Die vielen Gesichter der Lina Cavalieri


Bis in die 1950er Jahre experimentierte Fornasetti mit Druckgrafik, Keramik und Grafikdesign und verfeinerte seinen Stil in puncto Humor, Gemüt und Theatralik. Er ist für seine unverwechselbaren Zeichnungen bekannt geworden und arbeitete mit dem geschätzten Industriedesigner Gio Ponti an mehreren Projekten zusammen. 


Aber eine zufällige Begegnung sollte seiner Karriere schon bald eine entscheidende Wendung geben.



Cavalieri galt als eine der schönsten Frauen der Welt und bescherte Fornasetti seinen Aha-Moment

Es war im Jahr 1952, als Fornasetti eine Zeitschrift durchblätterte und auf das Gesicht von Lina Cavalieri traf.

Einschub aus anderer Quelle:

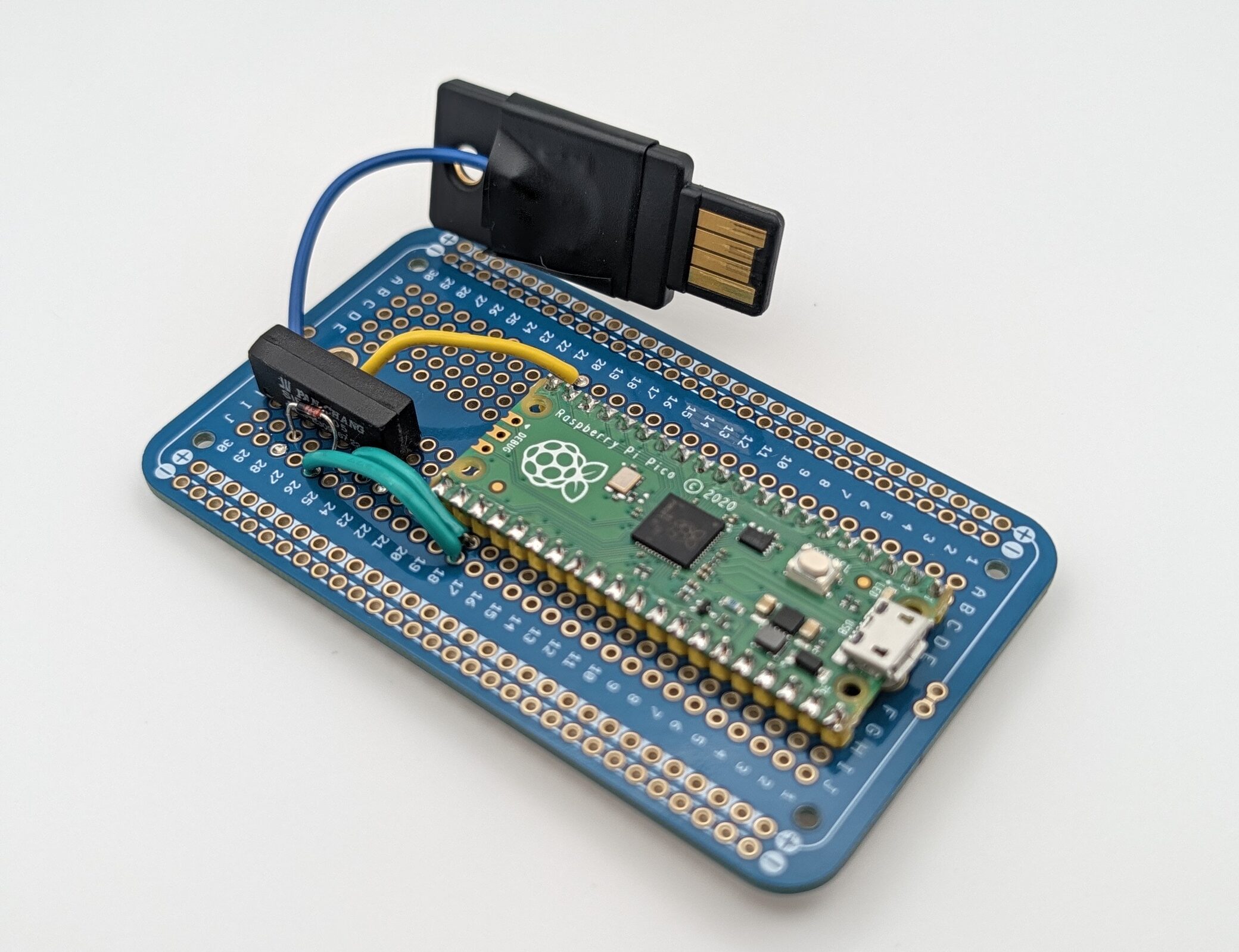 Soldered version: the Pico and reed relay on a blue protoboard, wired to the YubiKey’s touch sensor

Eine Opernsängerin, die als die schönste Frau in Paris galt. Verzückt von ihrer Schönheit erklärte Fornasetti, er werde das Gesicht der schönsten Frau der Welt malen - das hübsche Antlitz der Sopranistin diente ihm dabei als Inspiration. 

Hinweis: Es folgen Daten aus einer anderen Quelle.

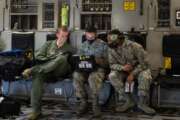 Maj. Philip Becker, 8th Airlift Squadron pilot, left, works with 62nd Aircraft Maintenance Squadron Airmen to complete preflight checks at Joint Base Lewis-McChord, Wash., Aug. 6, 2020. The flight was part of Exercise Long Hammer/Rainier War, a week-long exercise designed to evaluate Team McChord’s ability to conduct airlift operations while complying with real-world COVID-19 pandemic countermeasures. (U.S. Air Force photo by Senior Airman Sara Hoerichs)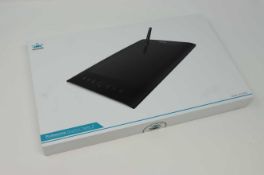 A boxed as new Huion H610 Pro Graphics Drawing Pen Tablet with 8 Keys. 8192 Pressure Levels.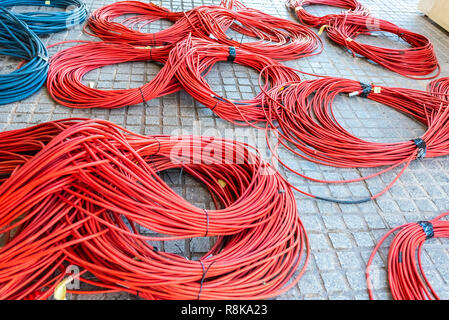 Large rolls of data cables ready to connect television data center during the retransmission of an event. Stock Photo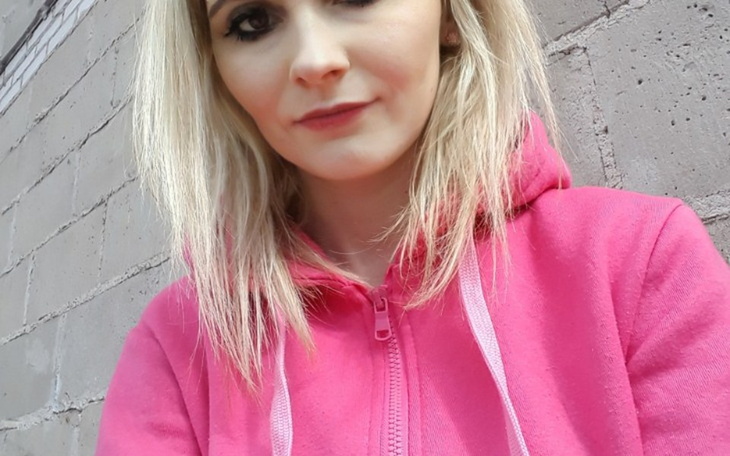 Kobieta w różowej bluzie, uśmiechająca się do kamery.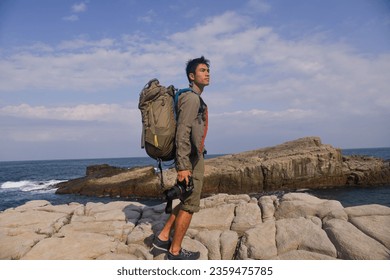 A young man travelling on stony area. Landscape  photographer  with the camera in his hands walking on rocky terrain and wearing backpack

„Die Serie mit den Fornasetti-Gesichtern basiert eigentlich auf dem Gesicht der Opernsängerin Lina Cavalieri. Sie war sehr berühmt und galt damals als schönste Frau. Eine klassische Schönheit, die in unzähligen Variationen auf der Leinwand verewigt wurde”. 



Cavalieris Gesicht wurde in den verschiedensten Formen verewigt, sogar in einer Schlange

Ihr Gesicht war auch Thema einer Geschirrserie, in der über 500 Gesichtsausdrücke verarbeitet wurden: In einem Entwurf weint sie, im nächsten zwinkert sie und in einem anderen versteckt sie sich hinter einer Kaffeetasse. Kein Kontext war zu surreal. In späteren Iterationen erhielt sie sogar einen Schnurrbart. Fornasetti war nahezu besessen von Cavalieris Gesicht und konnte es selbst nicht genau erklären: „Ich habe damit angefangen und einfach nicht mehr aufgehört“. 

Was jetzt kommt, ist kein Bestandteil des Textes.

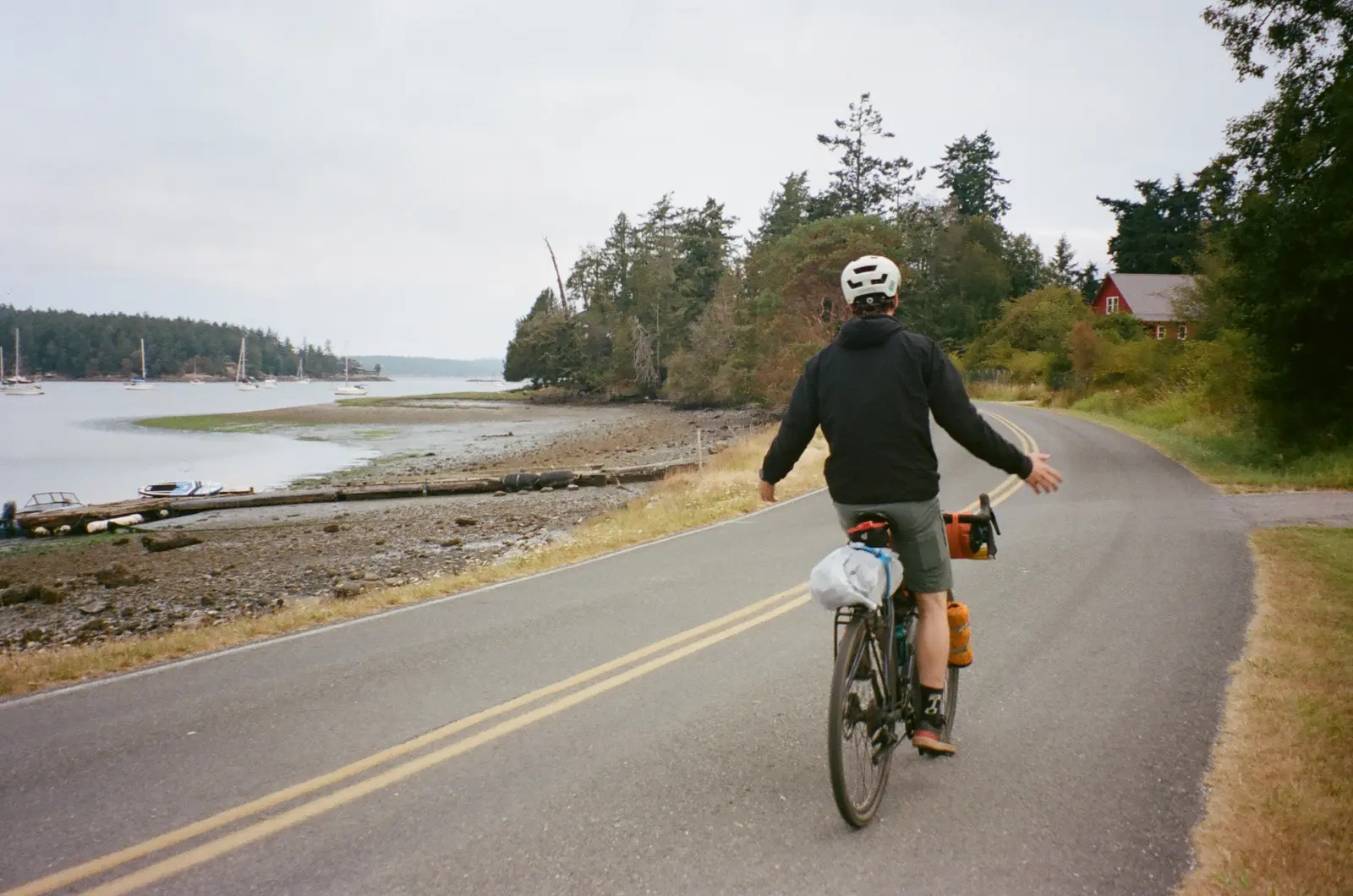 Bike traveler riding away along a coastal road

Design ist Design ist Design


Fornasetti war unverwechselbar. Nicht nur wegen seiner Illustrationen, sondern auch wegen der Art und Weise, wie er seine Werke herstellte. Anstatt neue Typologien und Designs zu schaffen, wie es seine Zeitgenossen taten, entschied er sich dafür, dieselben Objekte immer wieder zu wiederholen. „Die Fornasetti-Gesichter sind das markanteste Beispiel dafür", sagt Alexander. „All diese Variationen zeigen jeden skurrilen, witzigen, mystischen, symbolischen und kreativen Aspekt von Fornasettis Welt. Das ist einer der Gründe, warum es einfach wunderbar ist, diese Stücke zu sammeln. Sie werden nie langweilig". 



Es gibt Hunderte von Variationen der Gesichter, jedes einzelne ist so einnehmend und melancholisch wie das andere

Zwischen Fornasetti und der Kunstbewegung der Moderne, die seine abweichende und frivole Herangehensweise ablehnte, herrschte alles andere als Harmonie. Aber genau das macht ihn heute so beliebt, erklärt Alexander. „Das auffälligste Merkmal seiner Arbeit war der einzigartige Einsatz von Dekoration. Kurz nach Ende des Zweiten Weltkriegs machte er Deko wieder beliebt. Nach den verheerenden Zeiten der beiden Weltkriege wollte die Menschen wieder das Leben feiern. Die Devise „form follows function“, die schlichten, vorwiegend praktischen Entwürfe mussten etwas aufgepeppt werden, und zwar mit fantasievoller Dekoration und mit einem Hauch von >dolce vita<. Es entstanden zahlreiche Gebrauchsgegenstände, Möbel und sogar Stoffe “in ganz neuen Farben und Formen“. 


Was Fornasetti erreichte, war die reine Form des Selbstausdrucks, der Kunst aus sich selbst heraus, die zu damaliger Zeit in der Gestaltung sonst nicht zu sehen war. Er brachte Flair, Melancholie und Dramatik in jedes einzelne Stück- seien es Teller oder Plakate- und schuf so ein Universum, das voll und ganz seinen Vorstellungen entsprach. „Fornasettis Werk scheint seinen Platz zwischen Design, Kunsthandwerk und Kunst zu finden und das macht es nahezu unmöglich, sein Schaffen einem bestimmten Stil zuzuschreiben. Er kann einfach nicht klar eingeordnet werden und das macht ihn so besonders“.